To our knowledge, this study is the phylogenetically most diverse analysis of DNA methylation in Ecdysozoa, to date. Several recent projects have investigated DNA methylation in species of Ecdysozoa but they have focused on different subgroups, i.e., Hexapoda (Bewick et al. 2017; Provataris et al. 2018), Arthropoda (Lewis et al. 2020; Thomas et al. 2020) and Nematoda (Rošić et al. 2018). In our study, we have investigated a similar number of orders from the before mentioned groups. Of the arthropod subphylum Chelicerata we included a larger number of orders and therefore were able to predict an additional loss of DNA methylation. In addition, we included species from Priapulida, Onychophora, and Tardigrada. The presence of DNA methylation has been investigated in none of these phyla before. In Tardigrada, we predict an additional, previously unknown, loss of DNA methylation. All of our data were analyzed with the same computational pipeline for detecting DNA methyltransferase enzymes and predicting DNA methylation based on the CpG ratios. The results are therefore comparable over a large phylogenetic range, spanning more than 700 million years (Kumar et al. 2017) of ecdysozoan evolution. Our analysis of five out of seven Ecdysozoa phyla confirms that the evolution of DNA methylation in Ecdysozoa proceeds independently in each phylum. It is therefore of great interest to perform experimental studies in each of these phyla to discover different evolutionary adaptations DNA methylation might have undergone.

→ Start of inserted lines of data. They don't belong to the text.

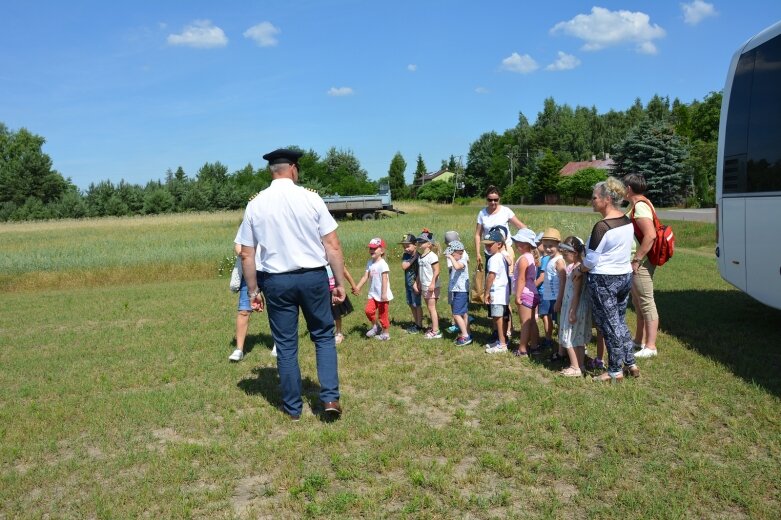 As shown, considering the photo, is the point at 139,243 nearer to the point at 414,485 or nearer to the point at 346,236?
the point at 346,236

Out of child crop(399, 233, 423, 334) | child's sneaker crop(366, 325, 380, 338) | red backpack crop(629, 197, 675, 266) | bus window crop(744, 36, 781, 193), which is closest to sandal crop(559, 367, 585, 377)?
red backpack crop(629, 197, 675, 266)

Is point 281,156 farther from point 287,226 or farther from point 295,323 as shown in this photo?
point 295,323

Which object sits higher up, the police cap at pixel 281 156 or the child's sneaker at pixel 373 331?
the police cap at pixel 281 156

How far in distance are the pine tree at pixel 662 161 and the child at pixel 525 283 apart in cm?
4005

Presence and Absence of DNA Methyltransferases

Overall, our data show that both individual DNMTs and DNA methylation as a process have been lost independently in multiple lineages. Since the absence of an enzyme is difficult to prove conclusively, we rely on data from related species and invoke parsimonious patterns to identify loss events with confidence: the lack of evidence for a DNMT in an entire clade of related species makes a loss event a very plausible explanation.

There are several reasons why a DNMT may escape detection. The most prominent cause is a low quality, fragmented genome assembly. Not finding a homolog in a species with a high quality, completed genome assembly, in particular in model organisms such as Caenorhabditis elegans and Drosophila melanogaster makes a negative search result more reliable. It is also possible that a protein has diverged so far that it is no longer recognizable as a homolog in the target organism by the search method used. This explanation becomes more likely in groups, such as Tardigrada or Nematoda, where the closest known homolog of DNMT enzymes is quite far away. If they have diverged extensively it is more likely to miss existing DNMTs. Nevertheless, as long as the catalytic domain of the enzymes still performs the same function we should be able to find the enzyme. The predicted phyletic pattern of DNMT losses is quite different in Arthropoda and Nematoda. DNMT1 is found in most arthropod species analyzed in our study. Three independent loss events of DNMT1 are suggested by our data (Fig. 3). In Nematoda, only two events of DNMT1 loss are suggested but they occur earlier in the evolution of the studied nematode species. Therefore, only in two species DNMT1 can still be detected.

DNMT2 is most likely present in all Arthropoda. The absence in two individual species is probably a technical artifact since DNMT2 enzymes are present in closely related species in both cases. In Nematoda, absence of DNMT2 enzymes is fare more frequent. Given the near perfect conservation of DNMT2 in other metazoan species, this is rather unexpected. Interestingly, the candidate DNMT2 sequences are clearly more divergent compared to those in Arthropoda, which may hint at false-positive predictions of 13 DNMT2 enzymes. In this case, a single loss event either after divergence of clade I or both, clade I and clade P, is plausible.

DNMT3 seems to be the most dispensable member of the DNMT family. According to our data, it was lost eight times in Arthropoda. It only occurs in combination with DNMT1 and is lost prior to or simultaneously with loss of DNMT1. In Nematoda, DNMT3 is present in all members of clade I and absent in all other clades. Interestingly, in all but one species of clade I, we detected a DNMT3 in the absence of DNMT1.

Absence of DNMT3 in the presence of DNMT1 is frequently associated with low levels of CpG depletion. The weak bimodality of the CpG ratio distribution may be the consequence of a return to an unbiased, unimodal distribution caused by decaying methylation levels due to failure to (re-)establish and maintain methylation. Under certain conditions, DNMT1 may have weak de novo activity (Dahlet et al. 2020). The molecular mechanism involves binding to unmethylated CpGs via the CXXC domain and auto-inhibition of de novo methylation (Song et al. 2011). Via its regulatory domains DNMT1 interacts with epigenetic factors which may be involved in regulating DNMT1 de novo activity.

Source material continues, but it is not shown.